Sister Joan Brown’s Reflections from Copenhagen, Part 8

Dec 12, 2009 | Copenhagen

Find previous reflections from Sr. Joan Brown.
Find out more about the religious voice in Copenhagen.

Blessings this day!

Sr. Joan Brown, OSF, Director of NM IPL

Sr. Joan Brown, OSF, Director of NM IPL

As I entered the Center today I was greeted by some of the many wonderful young people in green elf costumes and a polar bear singing the 12 days of Christmas. This is a summary of the meeting thus far from the Ecosystems Climate Alliance:

On the tenth day in Denmark the UN gave to me:

Emissions a-leaping
No Indigenous rights
Peat lands a draining
Endangered species
Forests converted
Crap MRV
Too much fossil fuel
Trees chain sawed
No strings attached
And a big fat logging subsidy!

Let me offer several reflections of where it seems we stand at day 10 from taking in life here and at the KlimaForum or the People’s Forum which is near downtown that I attended yesterday.

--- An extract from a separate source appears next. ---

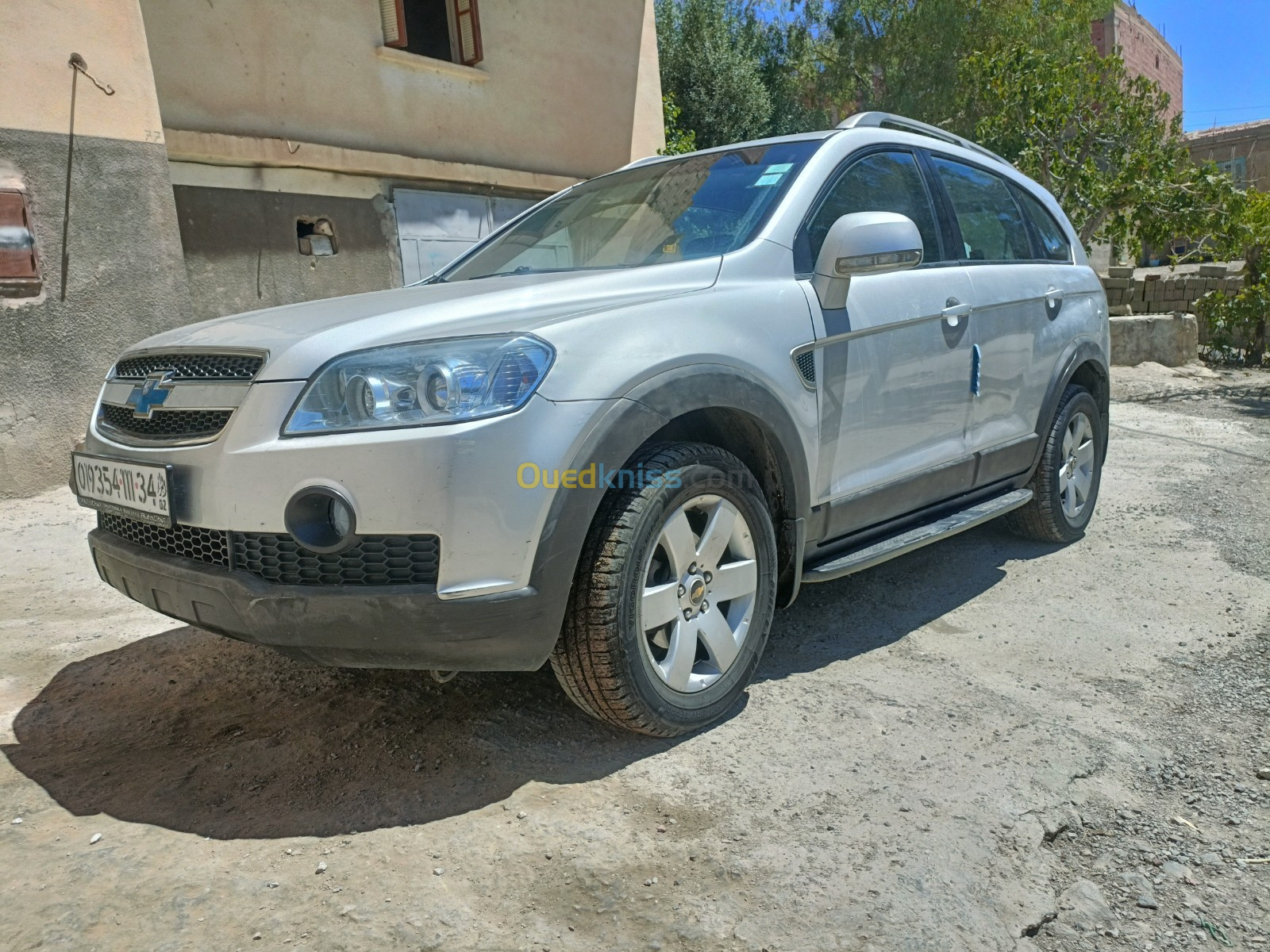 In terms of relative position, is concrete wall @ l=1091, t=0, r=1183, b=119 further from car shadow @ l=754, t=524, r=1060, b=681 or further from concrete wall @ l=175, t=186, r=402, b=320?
car shadow @ l=754, t=524, r=1060, b=681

While the formal meeting seems to be slogging along, a long term human rights worker from Sri Lanka told me that she believes that this is the first time that the voices of the island nations and people of the South have perhaps been really heard at the table. There is a tension in the air as we move into the final week. Will any meaningful agreement really happen? The tension moves into anger on some levels and it was very evident among the island nations and people of the South at the KlimaForum yesterday. There are enormous issues of human rights, and reparations for climate debt and financing for adaptation, emissions reductions and simply respecting all people upon the planet with equality. I have heard no one here doubt climate change, as is the conversation by some in the US. Here the demands of reparations for climate debt rise as do the waters.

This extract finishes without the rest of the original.